À medida que se aproximam as eleições de 2026, o Brasil enfrenta um dilema ideológico que confunde tanto os eleitores quanto os analistas políticos. Recentemente, uma pesquisa Datafolha revelou que uma porcentagem significativa de eleitores que se identificam com os partidos tradicionais do país, como o PT e a chapa Bolsonaro, se autoclassificam em posições surpreendentes no espectro político. Essa discrepância levanta questões sobre como os brasileiros entendem os conceitos de direita e esquerda e reflete uma matriz de valores que pode influenciar suas escolhas nas urnas.

A confusão no espectro político

A pesquisa, divulgada no mês passado, indicou que 34% dos que se identificam como petistas se veem à direita, enquanto 14% dos bolsonaristas se consideram à esquerda. Tal constatação gera burburinho, especialmente em um contexto eleitoral onde a definição de ideologia pode ser a chave para o sucesso nas urnas. No entanto, é importante compreender os dados antes de tirar conclusões precipitadas. A maioria de ambos os grupos não demonstra o que parece ser uma contradição no seu posicionamento.

A metodologia da pesquisa

O entendimento das posições políticas dos brasileiros exige uma análise detalhada da metodologia de pesquisa utilizada. No caso do Datafolha, as escalas de autoclassificação foram empregadas, permitindo que os entrevistados se posicionassem em cinco pontos no espectro ideológico. O termo “petista” foi aplicado às classificações mais altas, enquanto “bolsonarista” recebia a designação das mais baixas na escala.
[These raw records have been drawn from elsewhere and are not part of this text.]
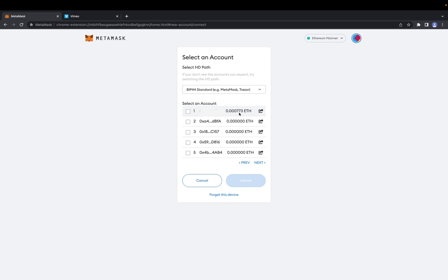You can indicate this by how much Ethereum you have in that wallet. We're going to click check, then unlock.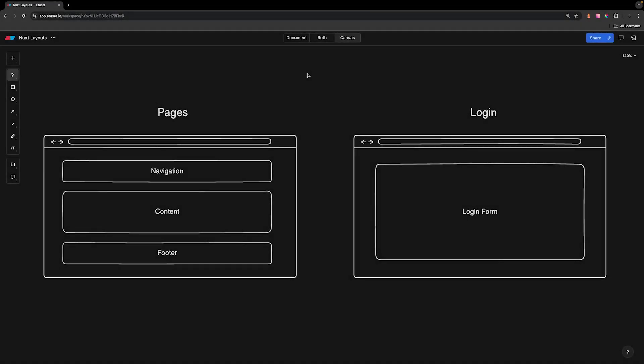When you're building an application, there may be a time where you want to have a different layout for a particular page. For example, on the left, we have our main pages where we have a navigation, our content, and our footer. We can think of the content as a Nuxt page and then the navigation and footer on all of our pages.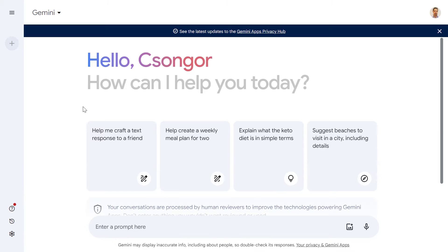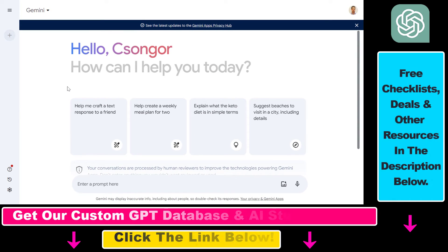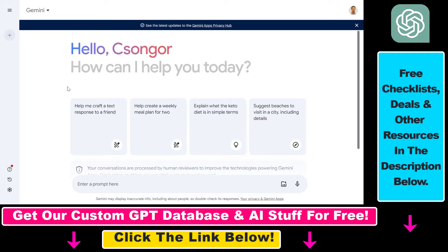If you want to get access to Gemini Ultra, which is the most advanced AI model of Google — basically the GPT-4 equivalent of the Google AI model — then you have to upgrade to a Gemini Advanced subscription.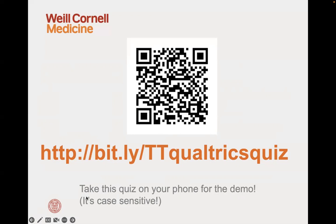So what is scoring in Qualtrics? At its most basic, it's just assigning a numerical value to the answers in your survey. You may want to do this for a lot of reasons — for example, if you're a facilitator or professor and you need to do knowledge checks or quizzes, adding scoring to your survey makes perfect sense.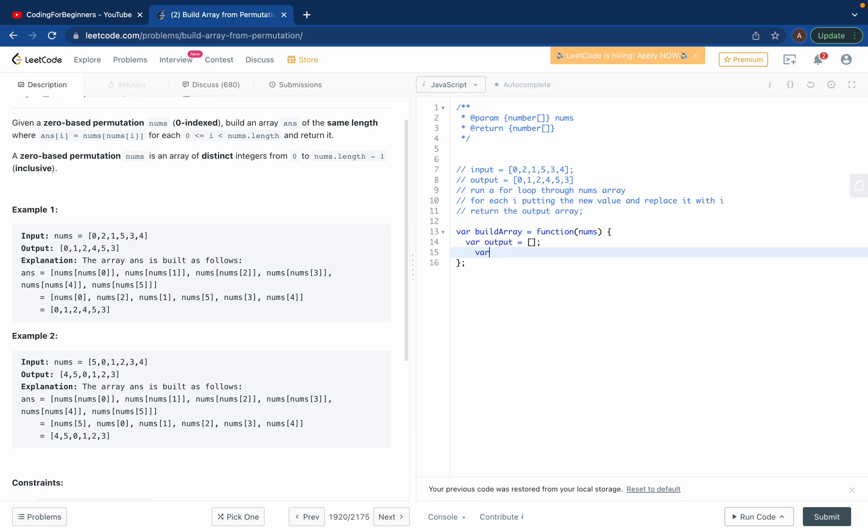I'll create a for loop. I'll use a classic for loop. For i equals zero, i should be less than nums dot length - we don't want to go over it - i plus plus.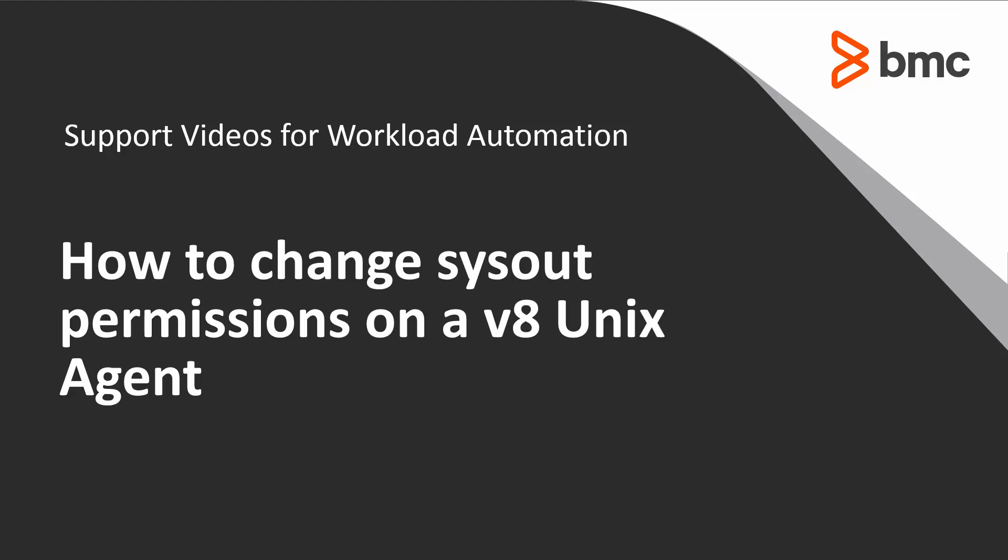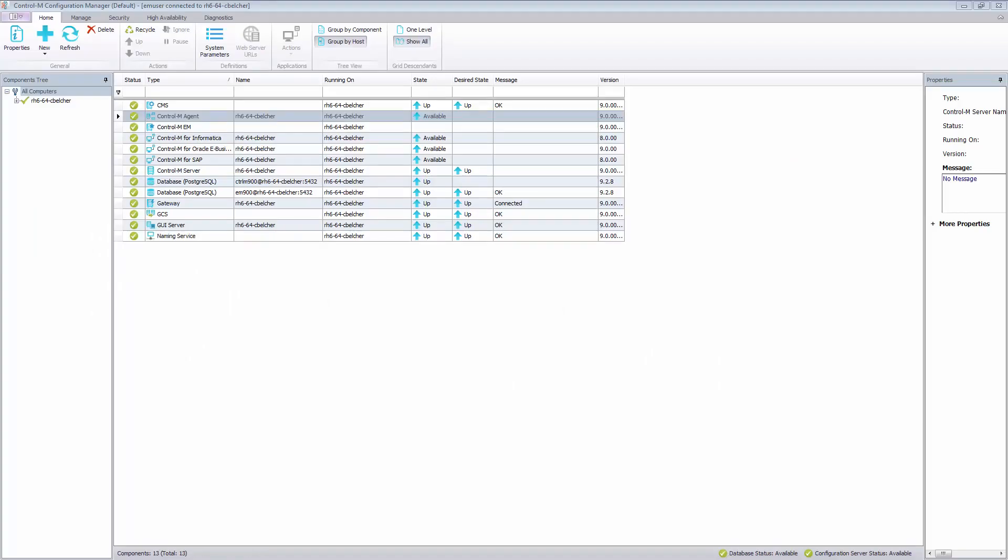In this video we will look at how to change permissions on sysout files for Unix agents. Sometimes you might want to change the permissions on the sysout files created by an agent so that other users can view the files.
A variabilidade nas respostas desperta a curiosidade sobre se os entrevistados realmente compreendiam os termos e sua aplicação.

Os desafios da autoclassificação

Uma preocupação surge ao se perceber a dissonância nas classificações, com o instituto utilizando “petista” em vez de “lulista.” Isso contribui para a confusão, especialmente quando se considera a recolocação da direita nos pontos mais altos da escala em uma pergunta relacionada ao espectro político. A diferença nas definições pode influenciar as respostas, o que gera distorções nos dados coletados e potenciais riscos de interpretação equivocada.

Ruídos e desigualdade de acesso à informação

Quando combinamos variáveis nominais com escalas ordinais, corre-se o risco de criar ruído nas perguntas, especialmente entre segmentos da população com menor escolaridade e acesso à informação. Ao longo do tempo, o Datafolha constatou que muitos brasileiros expressam confusão em relação ao que realmente significa ser de esquerda ou de direita. Respostas como “esquerda é tudo que é negativo” e “direita é o certo” evidenciam essa falta de clareza, refletindo a necessidade de um debate mais profundo sobre esses conceitos.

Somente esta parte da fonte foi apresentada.